Active Learning

Besides running simulations and building surrogate models afterwards, proFit provides algorithms to execute this simultaneously by active learning (AL). AL allows to reduce the necessary number of training points to reach a specific fit quality compared to sampling from a random or Halton distribution, as points can be chosen directly where most information is gained. proFit implements two algorithms by default, called SimpleAL and McmcAL. The former serves as the default active learning algorithm by which consecutive points are chosen according to some acquisition function, like minimization of the fit variance or finding the maximum of a function.

The second provided method is a Markov-Chain-Monte-Carlo (MCMC) algorithm, which is a somewhat different use case of proFit, compared to the other modes and the SimpleAL algorithm, as it makes use of already observed experimental data and a parameterized model to find the posterior distribution of these parameters, instead of fitting a non-parametric Gaussian process.

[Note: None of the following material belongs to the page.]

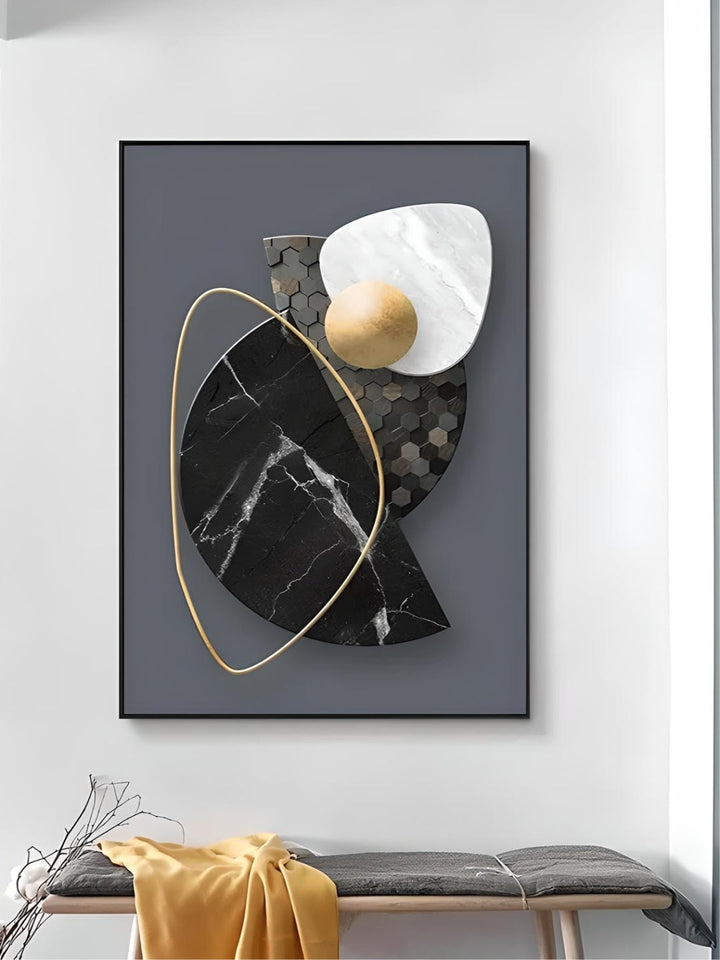 Modern Aesthetics Abstract Wall Art Fine Art Canvas Prints Black Grey Golden Geometry Pictures For Living Room Home Office Decor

It implements the additional feature of delayed acceptance, which further reduces computational effort. The MCMC algorithm is discussed separately in Markov-Chain Monte-Carlo.

In the SimpleAL algorithm a warmup method is implemented, where initial points are sampled randomly, to receive a first estimate of the surrogate model. Thereafter in the learn method, where the main loop is contained, the acquisition function finds the next best points which are injected into the run queue. The model and fit are updated and the successive next best points are searched. This workflow is shown graphically in the figure below:


Active learning workflow

proFit automatically activates AL if the user inserts an ActiveLearning variable inside the profit.yaml configuration file. The corresponding search interval is given as parameter of the variable, defaulting to \([0, 1]\). As optional parameter, the AL variable can be set to log-space, which means the search space is logarithmically transformed. This especially makes sense if the user wants to explore a large space. Multi-dimensional active learning is also possible by defining several AL variables. In this multi-dimensional case, Gibbs sampling is used, as of now. Furthermore, AL and non-AL variables can be combined to perform active learning only in certain dimensions. The distinctive parameters of the AL algorithm and acquisition functions are adjusted in the section active_learning of the config file. A special parameter to be mentioned is the batch_size, which allows to search for several points in parallel. This is especially useful, as today’s computing clusters are much better utilized if computing in parallel.

Acquisition functions

The task of an acquisition function is to find points which yield the most information according to a loss function and should be explored next by the simulation. An overview of in proFit implemented acquisition functions and a short description of their purpose is shown in the table below:

Acquisition function

Simple exploration
Minimize fit variance.
Optional bool parameter: use_marginal_variance.
take into account derivative of hyperparameters
(only for Custom surrogate).
Exploration with distance penalty
Minimize fit variance.
Exponential penalization of nearby points with
the weight parameter.
Weighted exploration
Minimize variance.
Or maximize surrogate mean.
Adjustable by the weight parameter.
Probability of improvement
Find global maximum or minimum.
Adjustable exploration part to avoid confinement in
local extremum. (Parameter exploration_factor)
Expected improvement
Find global maximum or minimum.
Adjustable exploration part to avoid confinement in
local extremum. (Parameter exploration_factor)
Alternating exploration
Alternating simple exploration and expected improvement
during learning cycles.
Parameters of simple_exploration and
expected_improvement as well as alternating_freq
to indicate the frequency of changing between the
two acquisition functions.

Parallel active learning

With today’s supercomputers, parallel computing has become an integral part of numerical simulations. Even for expensive simulations it is thus more efficient to select several points at once instead of evaluating one point after another. For active learning this means also the search for candidates has to be parallelized to find a next best batch instead of the next best point. For the simple exploration acquisition function, this is done straightforwardly, as the predictive variance \(\mathbb{V}\) does not depend on the actual simulation output \(\mathbf{y}\):

\[\mathbb{V}[\mathbf{y}_*] = K_{**} - K_*^T (K + \sigma_n^2 I)^{-1} K_*\]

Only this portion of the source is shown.